Tuesday, October 20, 2009

Judes!

Wow, hari ini aku tertohok lagi. Oleh sesuatu yang sudah lama aku tahu, tapi tetap saja rasanya sangat sensasional: antara kaget, malu, dan gusar. Simak saja obrolan di kantin pagi ini.

Aku: “Kamu mual-mual ya?” (tanyaku pada seorang teman yang sedang hamil muda)
Teman A: “Iya nih, lebih mual daripada kehamilan pertama.”
Aku: “Aku dulu juga gitu. Mual banget.”
Teman B: (tiba-tiba berceletuk) “Saking mualnya sampai nggak bisa senyum ya?”
Aku: “???”
Teman B: “Iya. Kamu dulu pas awal-awal di sini kan emang nggak pernah senyum. Judes banget…”

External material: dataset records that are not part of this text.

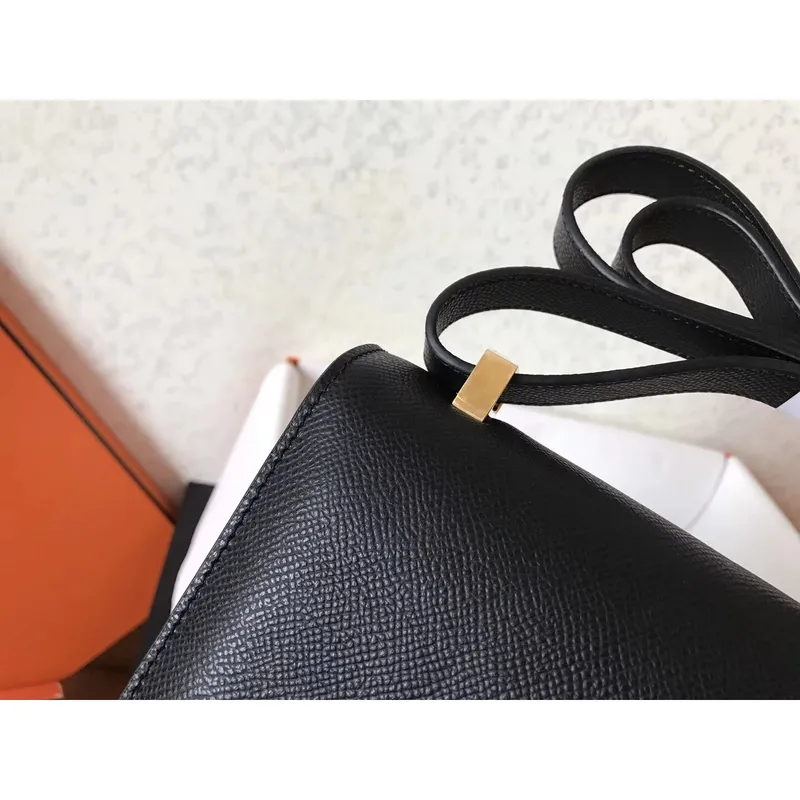 Hermes Epsom Constance 24cm Černá Ručně Vyrobená Taška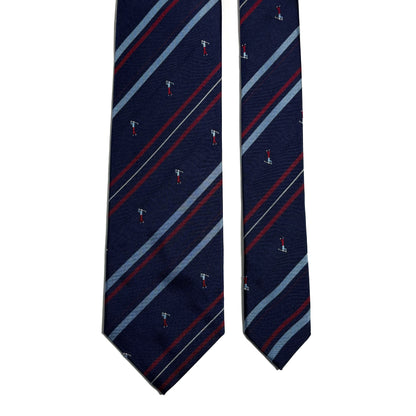 Navy Blue & Red Striped Golf Motif Silk Jacquard Tie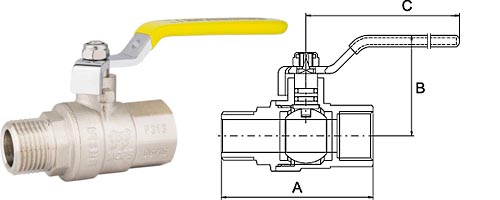 Кран шаровой для газа в/н, ручка-рычаг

Bagaimana tidak shock mendengar kritik yang begitu jujur seperti itu? Hehehe. Tapi sekarang aku lebih terlatih dalam menghadapi kritik. Tak lagi merasa tersingggung atau nangis bombay seperti dulu. Melainkan mencoba lebih bijak dan merenungkan semua yang temanku itu katakan.

Hmmm, masa-masa awal aku ada di sini… coba aku ingat-ingat. Yayaya, masa-masa itu memang masa-masa kegelapan hehehe. Kondisi sedang hamil, hormon kacau balau, dan mental jungkir balik membuatku begitu labil. Hampir setiap hari menangis, mencoba meraba-raba apa maksud Allah menempatkanku di sini. Fuuhh, masya Allah…

Kuakui, saat itu aku malas sekali menghadapi hari-hari. Malas sekali pergi ke kantor dan bertemu orang-orang. Rasanya wajar kalau saat itu mukaku jadi sering tertekuk. Aku tahu, bisa jadi waktu itu aku sangat judes. Aku tahuuuuu, tapi tetap saja kenyataan itu agak menyakitkan kalau disampaikan orang ya. Yah, aku maklum. Tidak semua orang paham dengan kondisiku. Tak semua orang tahu bagaimana aku berjuang keras untuk tetap tersenyum. Tak bisa salahkan mereka memang. Yang mereka tahu kan cuma keadaan luarku saja. Tak pernah senyum berarti judes. That’s it.

Hmmm, rasanya jadi tahu sekarang, kenapa teman B ini termasuk dalam orang-orang yang paling akhir akrab denganku. Mungkin dia juga malas bersosialisasi denganku waktu itu. Sekali lagi, tak bisa salahkan dia memang.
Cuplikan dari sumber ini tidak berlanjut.